# Not to be outdone, Retsu builds something extraordinary...



## Retsu (Jan 24, 2009)

Altmer inspired me to create a thread like this of my own. I definitely don't want to take attention away from his, so go visit it if you haven't.

Here are a few of my personal recommendations. Because I am a member of many private torrent trackers, I am constantly exposed to new and interesting music. There's more bad than good (I am quite picky), but a few gems have been found in my constant mission to hear everything in the world. I will add something new every day. If you want, post some other bands you like and I'll see if I can find something I think you'd enjoy. I'm not making any promises, though. ;)

*Recommendations:
*

Jan 24 - Blutengel
Jan 25 - Jill Tracy


----------



## Retsu (Jan 24, 2009)

*January 24, 2009*​Blutengel
Recommended tracks (Youtube): Dancing in the Light, Seelenschmerz, Vampire Romance





​ 
*Quick summary: *Hailing from the heart of twisted, dark, and danceable music (that is, Germany), Blutengel's eccentric combination of eurodance and a prevalent gothic aesthetic has intrigued the darkwave scene since their humble beginnings in 1998. Their music is quite varied - male and female vocals are utilized equally, and there are lyrics in both English and German.

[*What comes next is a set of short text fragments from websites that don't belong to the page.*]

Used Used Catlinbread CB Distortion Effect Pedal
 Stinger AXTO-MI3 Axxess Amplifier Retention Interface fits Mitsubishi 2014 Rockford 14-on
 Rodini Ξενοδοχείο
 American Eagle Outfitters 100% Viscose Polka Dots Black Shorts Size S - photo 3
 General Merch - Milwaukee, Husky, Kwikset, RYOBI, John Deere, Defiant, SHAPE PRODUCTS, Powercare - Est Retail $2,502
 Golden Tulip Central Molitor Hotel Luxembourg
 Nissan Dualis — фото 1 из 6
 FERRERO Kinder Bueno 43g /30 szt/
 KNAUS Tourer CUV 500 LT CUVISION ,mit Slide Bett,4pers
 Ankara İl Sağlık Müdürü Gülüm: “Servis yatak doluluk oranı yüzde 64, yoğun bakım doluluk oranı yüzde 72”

*Why they were chosen:* For lack of a better word, Blutengel is a very _enjoyable_ band_._ There are many dark atmospheres present in their music, but the futurepop elements keeps things balanced and make sure the eccentricity's not too full of itself. Their music is very accessible (especially their latest release, "Dancing in the Light") and is full of passion.


----------



## Retsu (Jan 25, 2009)

*January 25, 2009*​Jill Tracy
Recommended tracks (Youtube): Evil Night Together, Haunted By the Thought of You





​ 
*Quick summary (from Wikipedia): *Jill Tracy is a singer, pianist, composer, and performance artist based in San Francisco. She has been described by the San Francisco Chronicle as "a femme fatale for the thinking man." NPR "All Things Considered" has called her "utterly intriguing, transporting you into a magical world solely of her creation." "My goal is to open the trapdoors, transport the listener into that magical place inside my head," Tracy said in an NPR interview with Susan Stamberg. "I call it the Kingdom of the Mind's Eye."

*Why she was chosen:* There is a crystal-clear reason as to why she gets so much praise. Jill Tracy's music in one word: haunting. Inspired very much by the sound of German Weimar-era cabarets, her music is soothing, thought-provoking, and (at times) strangely beautiful. She is scary without meaning to be, she is interesting despite the fact that it's just her and a piano, and everything is presented subtly and with a lot of care. Think Amanda Palmer meets Tori Amos meets Hannah Fury - with a little bit of Frank Sinatra thrown in the mix. It really is a shame more people don't know about her.


----------